Opens Friday throughout the Triangle

In Brüno, director Larry Charles and writer-star Sacha Baron Cohen set out to lampoon celebrity and homophobia. Through a series of outlandish pranks they point out that … well, I’m not sure that they point out much of anything.

Baron Cohen’s Brüno is a fictional creation that he and Charles put into ostensibly real situations (I have trouble believing that many of these scenes aren’t at least partially faked), such as showing a focus group a television pilot episode that features a talking penis, or serving appetizers to Paula Abdul off a naked migrant worker. Brüno’s vacuous interest in fame and his cartoonish expression of his sexuality seem meant to evoke responses from people that will expose truths about America’s widespread homophobia and obsession with celebrity. But Baron Cohen’s targets usually respond as reasonably as possible given the outlandish situation. Baron Cohen flounders in the face of patience, and as he tries to create a funny scene, the joke is lost.

For example, when U.S. congressman and former presidential candidate Ron Paul storms out of a hotel room because Brüno is coming onto him, it’s because he’s being sensible, not homophobic. A guy who gets testy because Brüno interrupts his fun at an orgy isn’t hateful for getting mad (even if he’s icky for being at an orgy). In fact, it’s worth noting that the creepy orgy guy is totally game for Brüno’s fey sense of humor for much longer than most straight men would be. In this gag, as in many, the joke becomes not the way people react to Brüno, but how far Baron Cohen will go to get them to react.
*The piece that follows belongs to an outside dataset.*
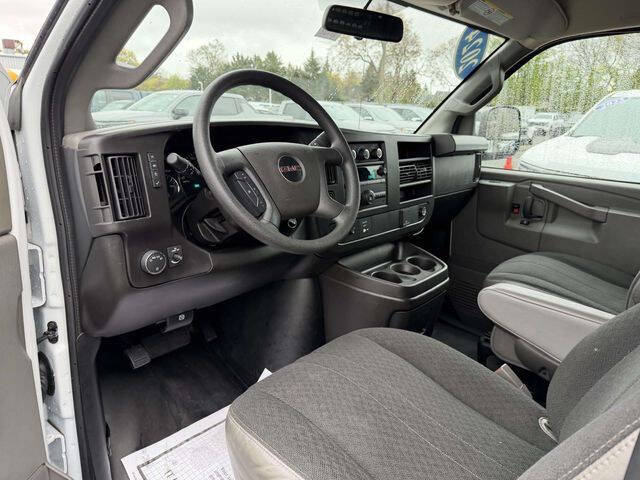 2024 GMC Savana 2500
In most scenes, we aren’t laughing at intolerance, we’re laughing at Brüno. Look at the gay guy’s skimpy clothes. Look at the gay guy’s crazy sex habits. Look at the gay guy act like an oblivious buffoon. It’s as if Baron Cohen is baiting his audience by showing what homophobic rubes his stooges are to distract from how much he’s making fun of his own gay character.

I don’t think that Baron Cohen’s brand of gay minstrelsy is offensive or nasty. (In fact, it often misfires because of its harmlessness.) I think he wants to be a provocateur, but he doesn’t know how or who to provoke. Like Brüno, who tries to find outlandish ways to attract the spotlight because he has no real talents, Baron Cohen uses caricature to get broad laughs because he has no real insights.

Even when we are not laughing at Brüno, we are always meant to be laughing at someone behaving ridiculously, like the ditsy twins who think Darfur is in Iraq. Baron Cohen congratulates his audience for not being sub-mental, making sure there is always someone on screen to feel smarter than. When I described this to a friend, he nailed it by saying that it sounded like those mean-spirited and unfunny “Jaywalking” segments that Jay Leno did on the Tonight Show, in which he conducted man-on-the-street interviews to provide comic fodder for his viewers.

Provocation, progressive troublemaking and sharp parody come from challenging an audience’s opinion of itself, not confirming it. In Brüno, Baron Cohen lets his audience laugh at his über-homosexual antics while making them feel like they’re participating in something more edgy than it really is. While I assume that Baron Cohen and Charles mean this film to be a challenge to (or at least a goof on) American stupidity and homophobia, it’s more a product of those things than an affront to them.